══ Material supplied

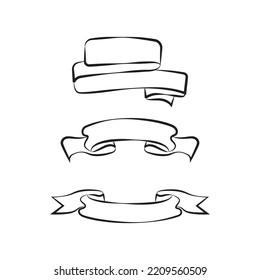 Banner scroll ribbon outline drawing vector illustration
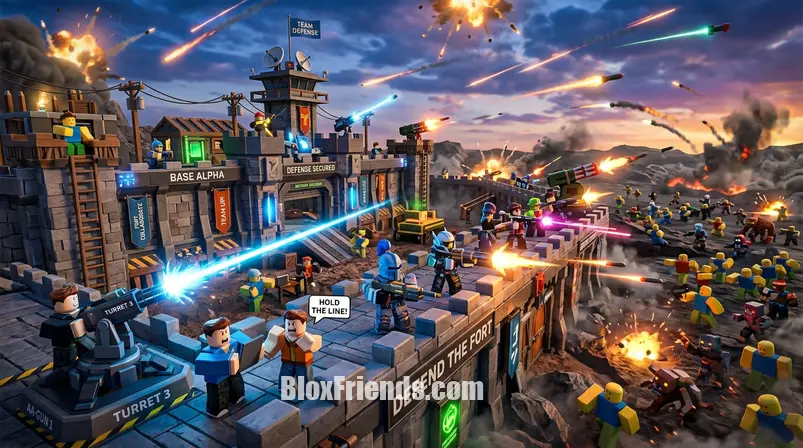 Avatares Roblox defendendo uma base detalhada contra inimigos.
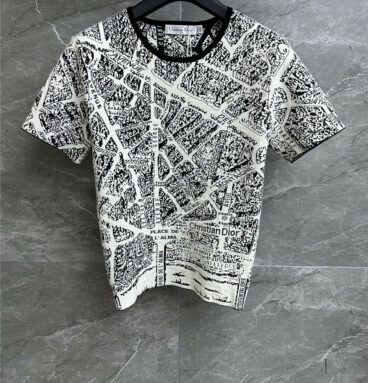 Dior Paris map print short-sleeved top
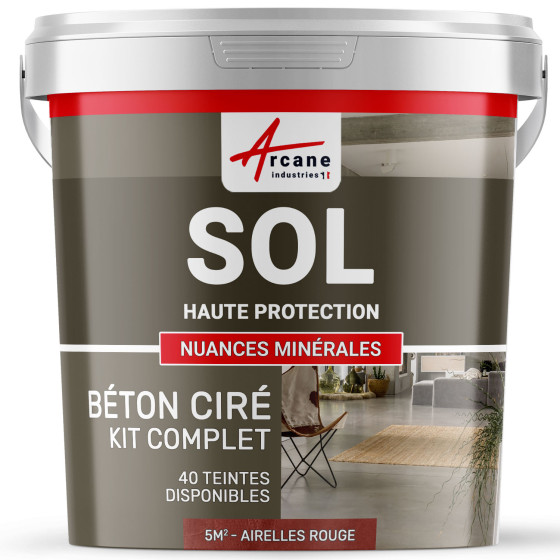 KIT BETON CIRE SOL HAUTE PROTECTION-kit5m2-Airelles-Rouge-Aspect / Couleur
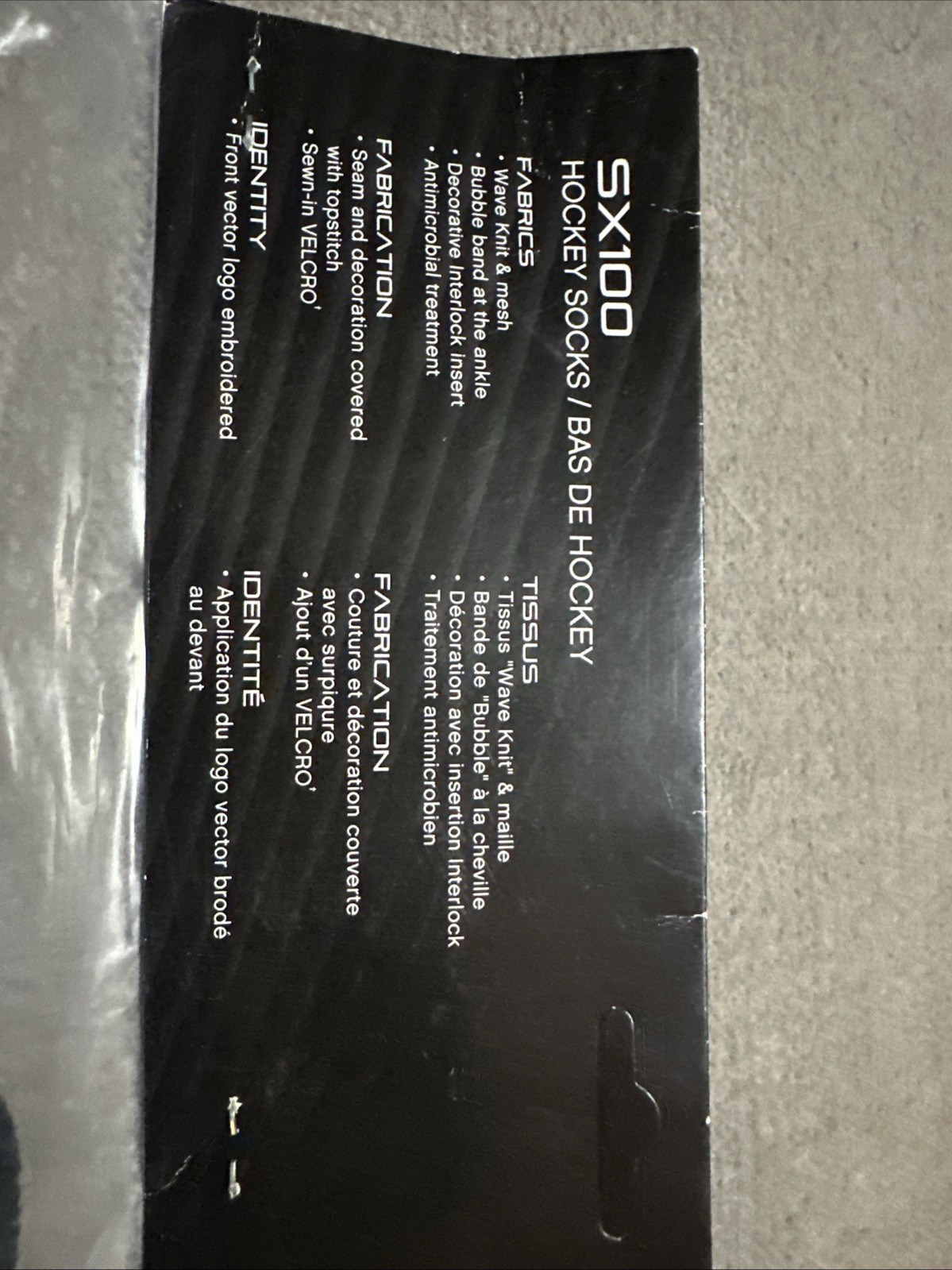 Vintage Reebok Hockey Socks Gamewear Black SX100 Adult 26 7/8” NEW NIP thumbnail 7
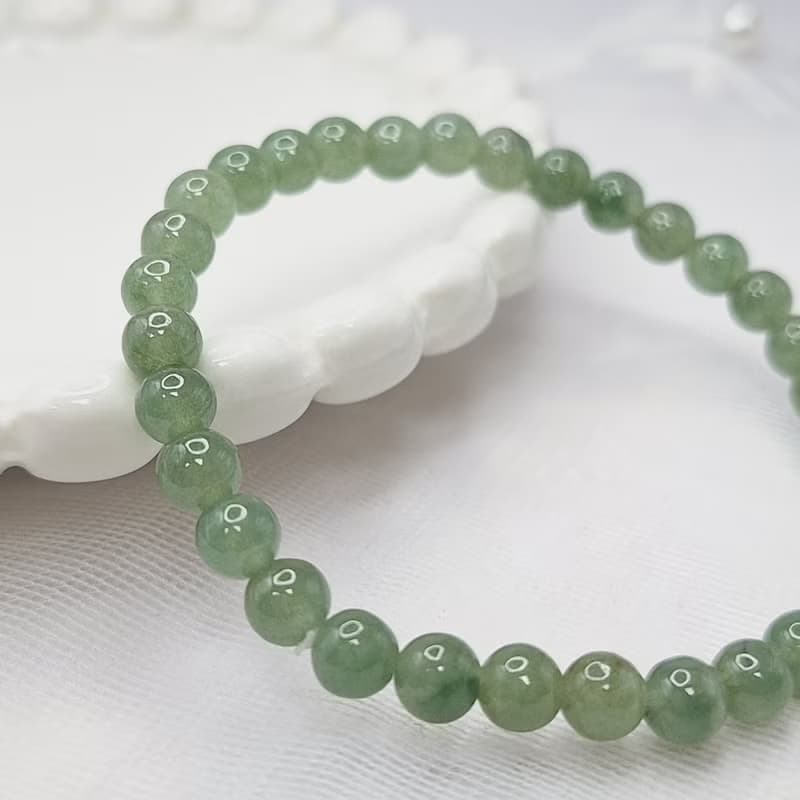 冰潤濃郁 滿色綠 手串 手珠 珠串 | 天然緬甸玉A貨翡翠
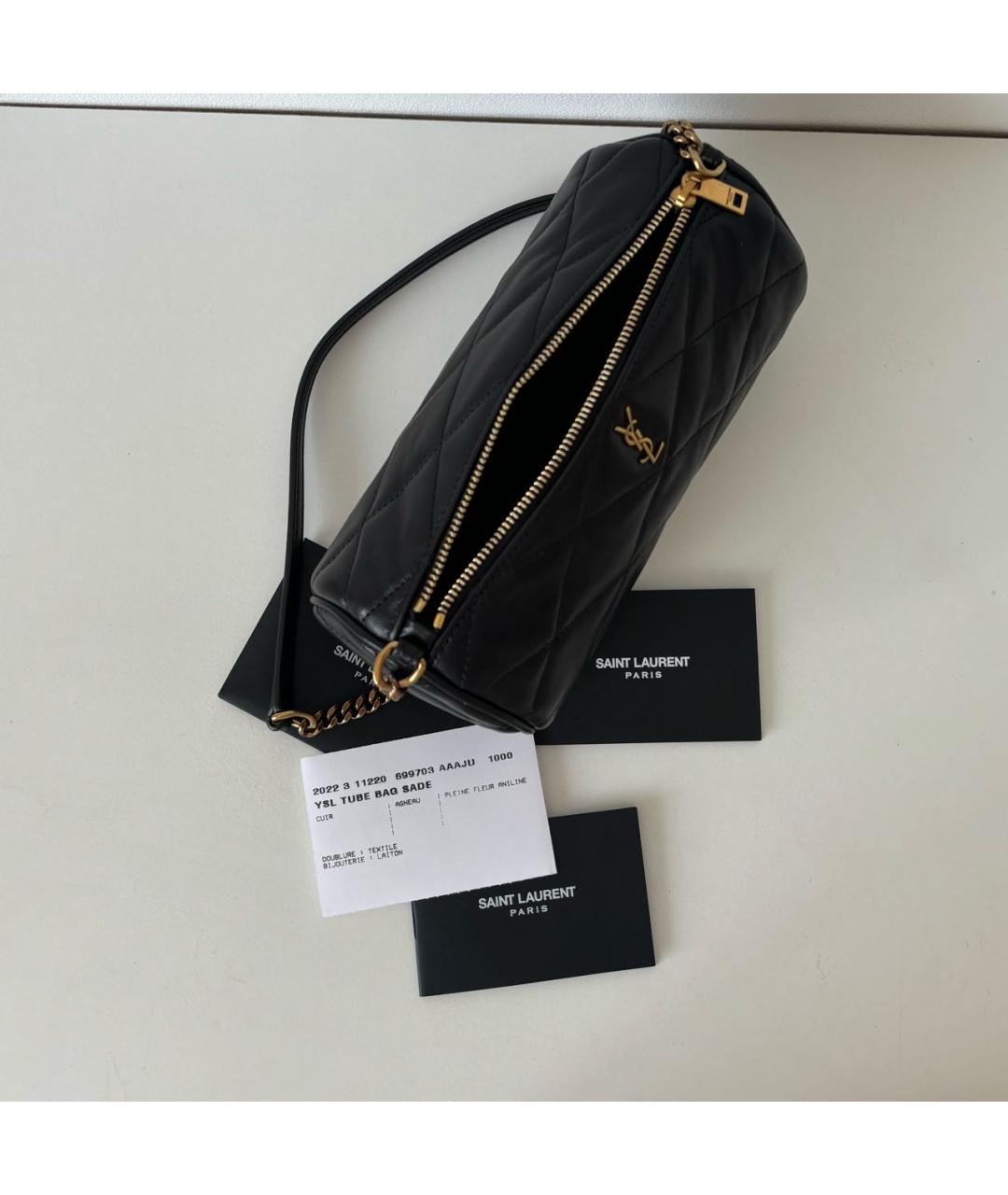 SAINT LAURENT Черная кожаная сумка с короткими ручками, фото 7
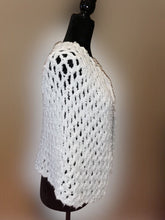 Load image into Gallery viewer, White Cape, Crochet White and Silver Poncho, Crochet Shawl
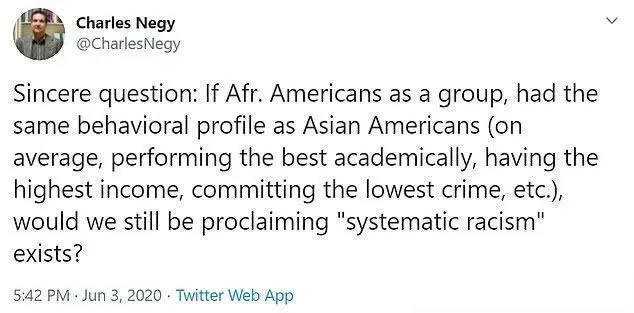 美国教授再出狂言,如果黑人如果像亚裔一样,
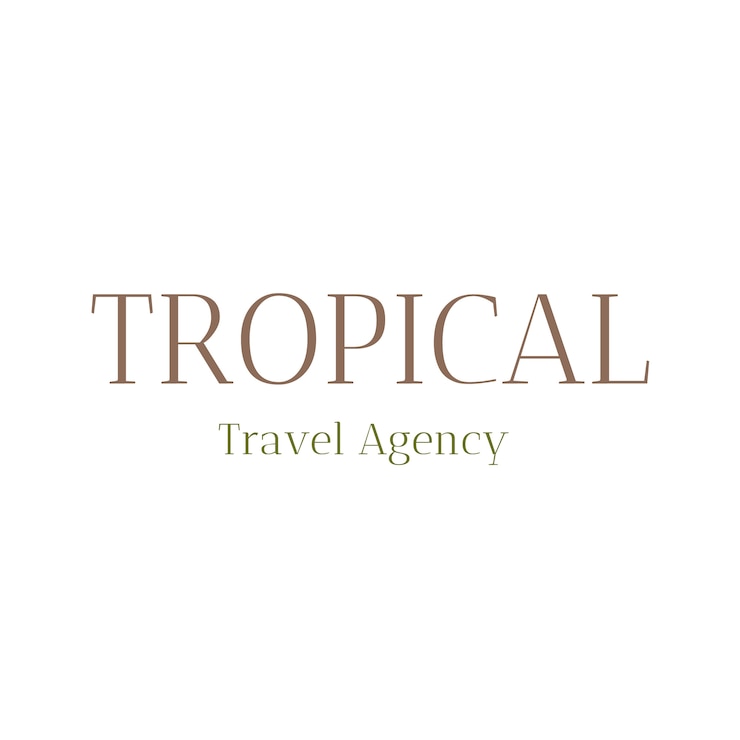 Vector gratuito modelo de logotipo de una elegante agencia de viajes tropicales dibujado a mano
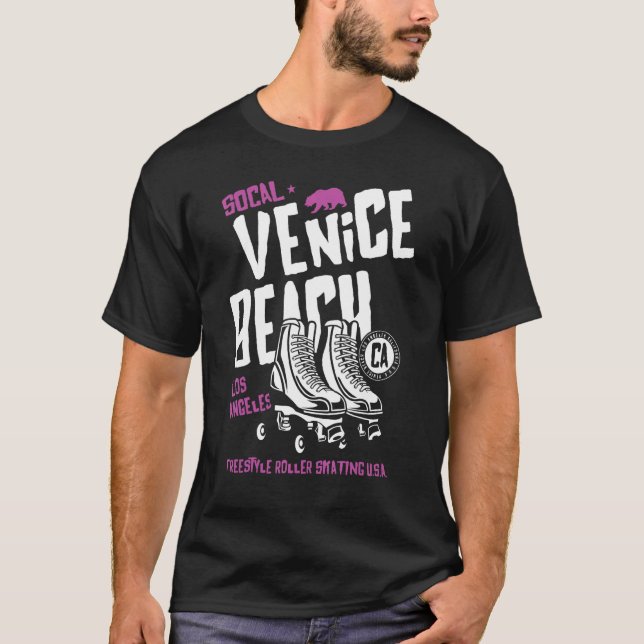 Camiseta Venice Beach California Retro Roller Skate 9 (Frente)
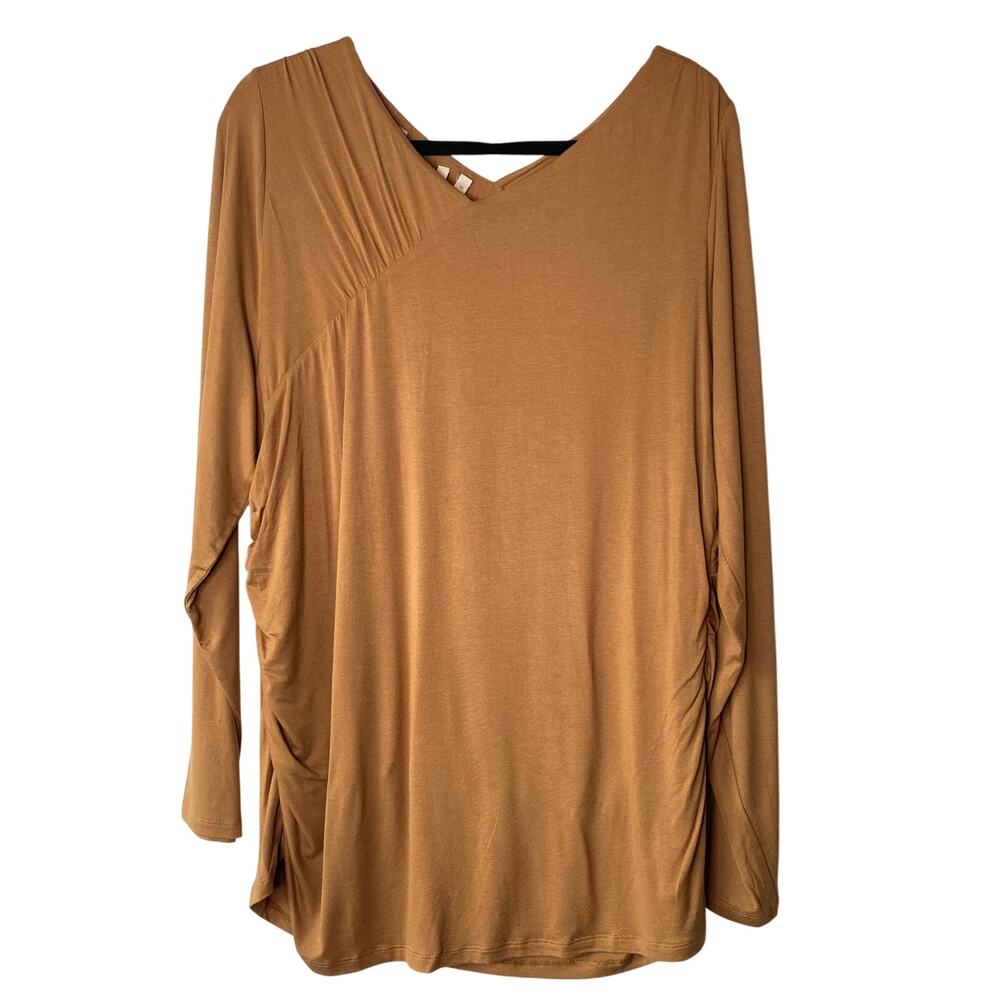 Soft Surroundings NWT Hazelnut Brown Soft Linette Longsleeve Top Size 1X
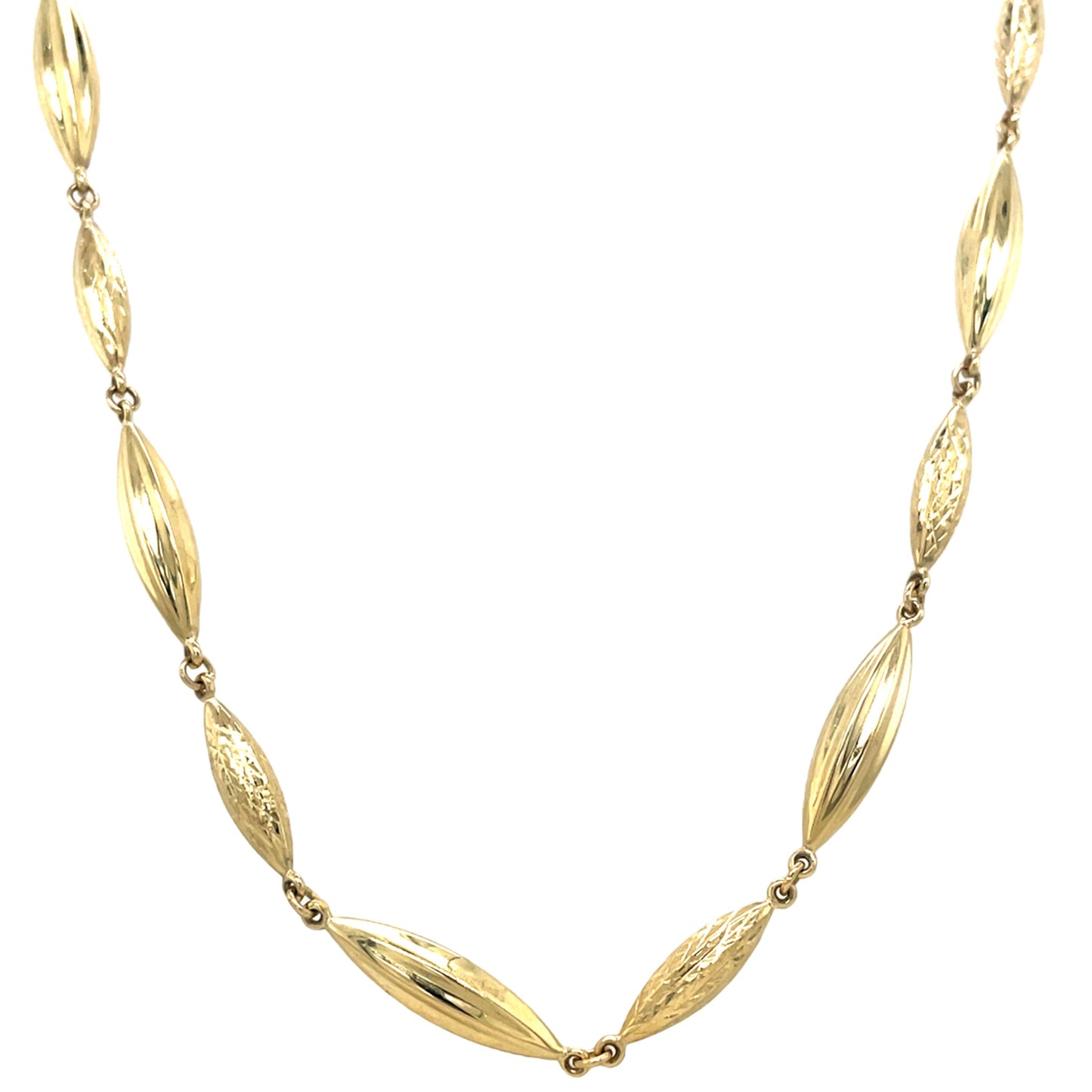 9ct Diamond Cut Long Oval Link Necklet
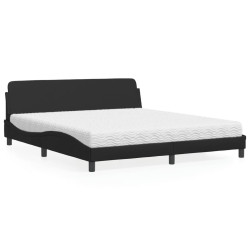 Cama com colchão dover 180x200 cm couro artificial preto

════

### Task details
Leave out the pictures and print each record exactly as it stands.

### The completed task
 Banner scroll ribbon outline drawing vector illustration
 Avatares Roblox defendendo uma base detalhada contra inimigos.
 Dior Paris map print short-sleeved top
 KIT BETON CIRE SOL HAUTE PROTECTION-kit5m2-Airelles-Rouge-Aspect / Couleur
 Vintage Reebok Hockey Socks Gamewear Black SX100 Adult 26 7/8” NEW NIP thumbnail 7
 冰潤濃郁 滿色綠 手串 手珠 珠串 | 天然緬甸玉A貨翡翠
 SAINT LAURENT Черная кожаная сумка с короткими ручками, фото 7
 Load image into Gallery viewer, White Cape, Crochet White and Silver Poncho, Crochet Shawl
 美国教授再出狂言,如果黑人如果像亚裔一样,
 Vector gratuito modelo de logotipo de una elegante agencia de viajes tropicales dibujado a mano
 Camiseta Venice Beach California Retro Roller Skate 9 (Frente)
 Soft Surroundings NWT Hazelnut Brown Soft Linette Longsleeve Top Size 1X
 9ct Diamond Cut Long Oval Link Necklet
 Cama com colchão dover 180x200 cm couro artificial preto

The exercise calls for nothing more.